YOUR GOAL: Go over the data below line by line, and state how many lines contain the string "right". Give the number only.

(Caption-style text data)
▼

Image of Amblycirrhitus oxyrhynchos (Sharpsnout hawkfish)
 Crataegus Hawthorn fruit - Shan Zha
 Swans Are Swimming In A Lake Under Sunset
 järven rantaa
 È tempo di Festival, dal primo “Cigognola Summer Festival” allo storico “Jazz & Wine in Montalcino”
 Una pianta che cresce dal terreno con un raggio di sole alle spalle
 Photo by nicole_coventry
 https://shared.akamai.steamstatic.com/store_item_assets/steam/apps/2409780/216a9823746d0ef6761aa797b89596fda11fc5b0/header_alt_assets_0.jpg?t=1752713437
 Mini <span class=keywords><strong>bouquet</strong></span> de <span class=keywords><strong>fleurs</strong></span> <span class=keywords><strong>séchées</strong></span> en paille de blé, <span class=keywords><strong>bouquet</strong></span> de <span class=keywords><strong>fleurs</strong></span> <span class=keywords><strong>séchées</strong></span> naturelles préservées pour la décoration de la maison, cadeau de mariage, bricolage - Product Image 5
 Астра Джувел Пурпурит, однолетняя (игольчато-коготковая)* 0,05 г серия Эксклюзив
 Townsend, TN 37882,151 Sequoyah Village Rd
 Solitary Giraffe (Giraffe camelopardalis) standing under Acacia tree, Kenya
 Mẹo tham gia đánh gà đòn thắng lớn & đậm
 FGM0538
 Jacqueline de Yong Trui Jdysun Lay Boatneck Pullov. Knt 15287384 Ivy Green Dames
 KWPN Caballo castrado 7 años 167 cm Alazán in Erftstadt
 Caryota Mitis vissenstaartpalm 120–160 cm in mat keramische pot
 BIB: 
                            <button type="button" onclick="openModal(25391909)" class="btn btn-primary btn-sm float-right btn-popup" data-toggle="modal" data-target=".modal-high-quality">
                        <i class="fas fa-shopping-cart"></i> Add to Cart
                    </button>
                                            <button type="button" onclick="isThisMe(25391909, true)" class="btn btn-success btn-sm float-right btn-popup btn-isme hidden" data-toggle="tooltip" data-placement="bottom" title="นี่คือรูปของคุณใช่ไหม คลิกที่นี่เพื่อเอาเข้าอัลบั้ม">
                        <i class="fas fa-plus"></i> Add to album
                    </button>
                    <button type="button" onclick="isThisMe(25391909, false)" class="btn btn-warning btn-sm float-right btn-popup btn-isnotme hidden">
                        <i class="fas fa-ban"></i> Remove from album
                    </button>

▲

EXERCISE ANSWER: 3